-- Opening Marker --

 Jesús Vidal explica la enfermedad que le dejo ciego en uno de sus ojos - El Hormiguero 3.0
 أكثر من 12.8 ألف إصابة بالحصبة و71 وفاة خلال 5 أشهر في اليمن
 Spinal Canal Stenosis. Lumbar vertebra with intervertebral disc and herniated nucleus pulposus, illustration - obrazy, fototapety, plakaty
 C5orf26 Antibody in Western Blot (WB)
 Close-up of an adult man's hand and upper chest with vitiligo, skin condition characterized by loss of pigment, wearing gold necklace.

-- Closing Marker --
-- Opening Marker --

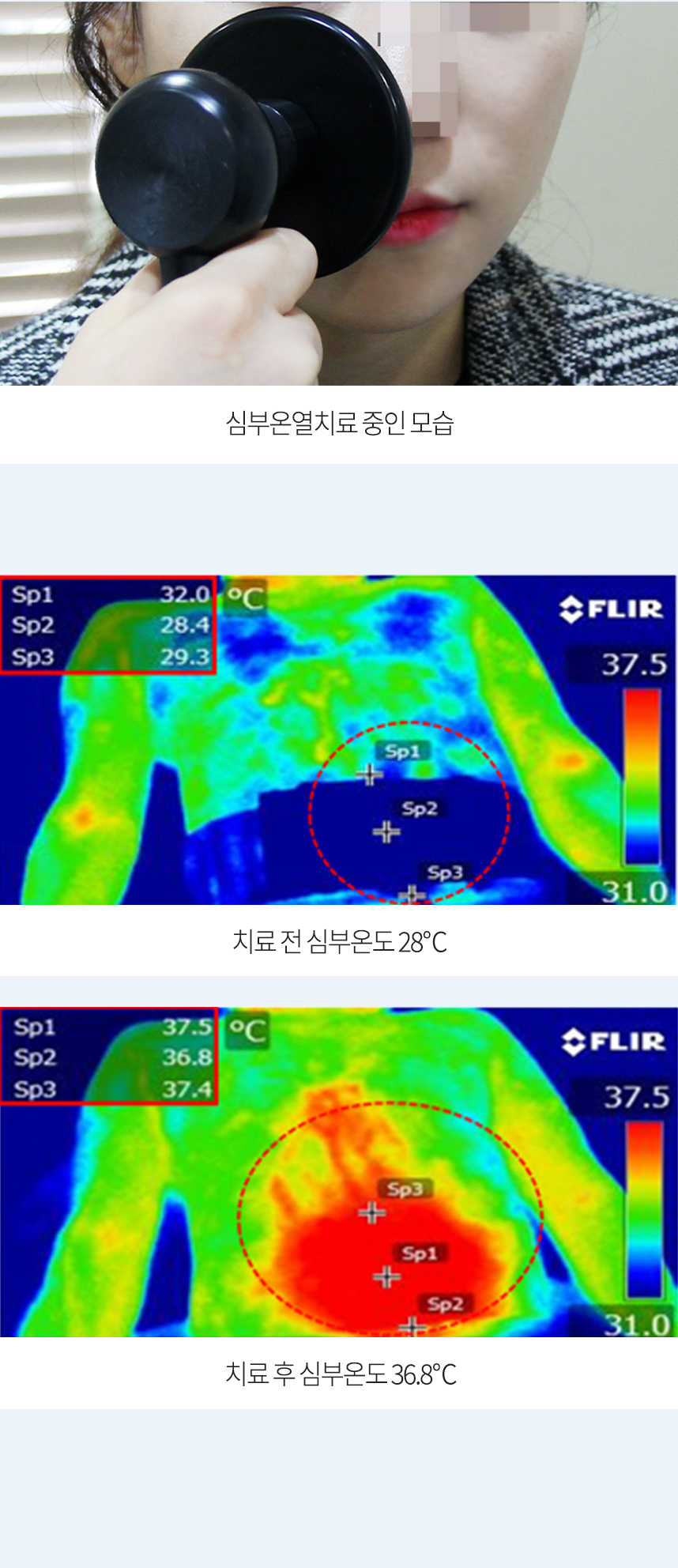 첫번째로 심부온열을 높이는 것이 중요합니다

-- Closing Marker --

_EXERCISE_: Return the span of lines in the data above that opens at the line with "C5orf26 Antibody in Western Blot (WB)" and closes at the line with "Close-up of an", exactly, ends included, nothing else.

_TASK SOLUTION_:
 C5orf26 Antibody in Western Blot (WB)
 Close-up of an adult man's hand and upper chest with vitiligo, skin condition characterized by loss of pigment, wearing gold necklace.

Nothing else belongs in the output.